DD: How did you get the idea for your blog?
I got the idea at an academic conference where mansplaining was very much in evidence. In talking to other female scholars at lunch it became clear we had all similar experiences in the past, and it occurred to me that an anonymous online forum would be the perfect place to gather more of these.
I thought mansplaining among academics might be of interest even to non-academic readers because, although it's a particular environment, it's also an interesting test case for the idea of mansplaining. Women in academia are there because they are extremely knowledgeable about something. If men who encounter these women often assume these women don't know their own fields, that is interesting evidence of the prevalence of mansplaining.
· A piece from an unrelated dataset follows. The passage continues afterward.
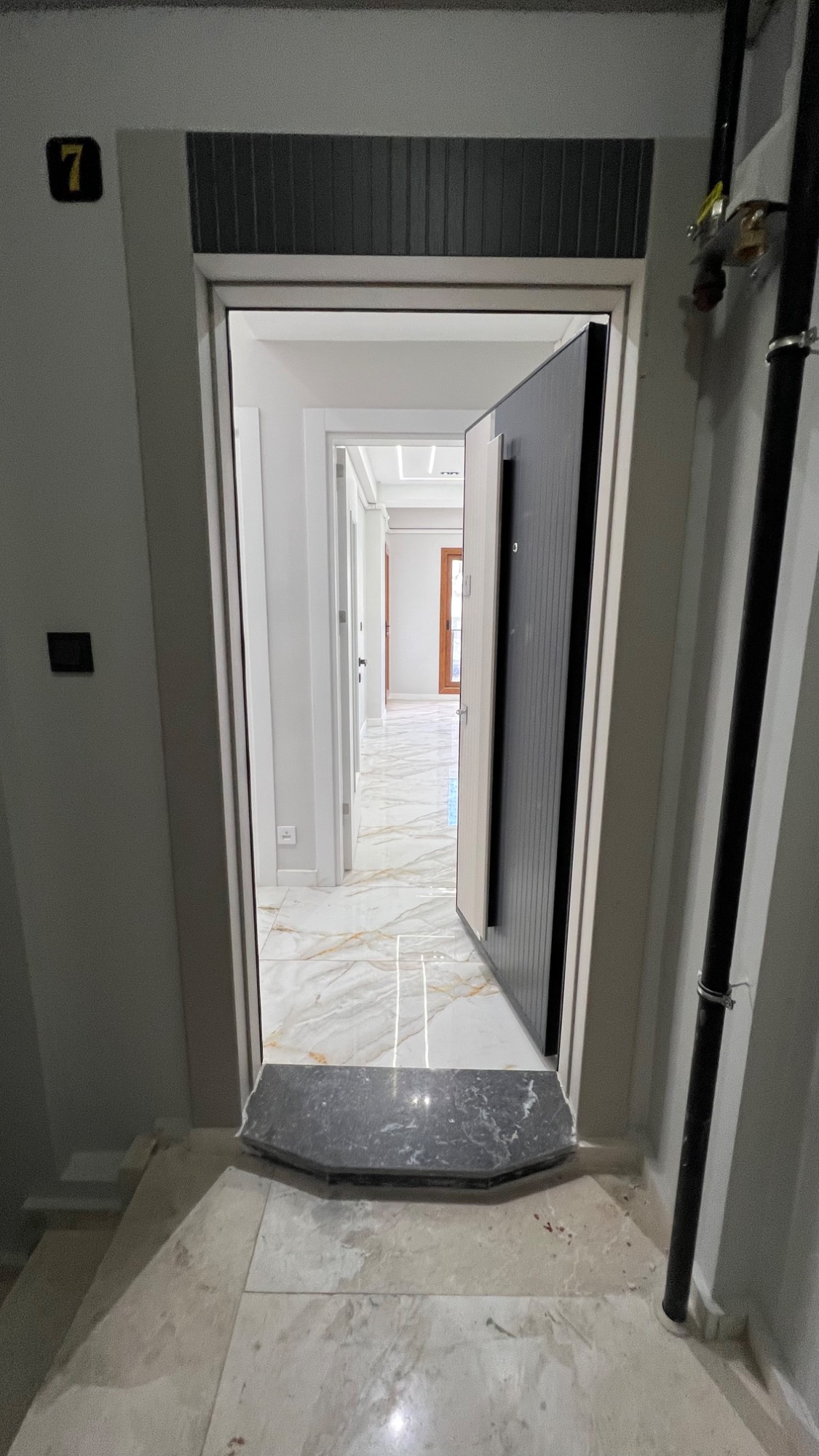 TURGUTLU SATILIK SELVİLİTEPE MAH SELVİTEPE MUSAL YAKINI 95 M2 2+1 SIFIR DAİRE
In fact, it's proven to the be the case that we have gotten a lot of submissions from women who are not academics—including women who work in tech support, a member of a teacher's union, someone who works in radio, and so on. People have reported mansplaining from customers, salespeople, employees, fathers and brothers.
DD: You've had almost 250 submissions in just one week. How did you get so much awareness so quickly?
On a Saturday, I started the tumblr I sent it to a few close friends who I knew would have stories to tell, and I asked them to share it with friends of theirs. When I logged on to FB the next morning, I found it popping up in my feed via friends who had heard about it already, and had no idea whatsoever I was the one who had started it! That told me that it was serving a need.
But what really got the blog out beyond social networks was an online interview I did a few days later with the web publication Inside Higher Ed. I got about 30 submissions in the hour after the story posted! Inside Higher Ed must have found out about the tumblr through its circulation on FB. It also got posted it to a few academic listservs, which are usually members-only, so it was lucky for me that people thought to do this on their own, as I wouldn't have been able to.
I think the blog circulated so quickly because academics are often tightly networked electronically with people in their fields, so something that enters the network will get fast penetration if it's of interest.
DD: What sort of feedback have you gotten from readers?
Feedback has been very positive. I've heard from many women who are heartened to see that they are not alone, and even from men who have vowed to avoid mansplaining in the future! There have been a handful of nasty trolls, but nowhere near as many as I anticipated. Someone even started a spin-off blog on mansplaining in regard to sport, which seems to be doing well!
I thought running the tumblr might be a bit grim, but in fact I've been encouraged by all the positive feedback. And while stories are sometimes enraging, the women telling them are smart and funny and positive. I think my favorite story might be from an anthropologist who got mansplained after facing off with polar bears while doing fieldwork in Quebec!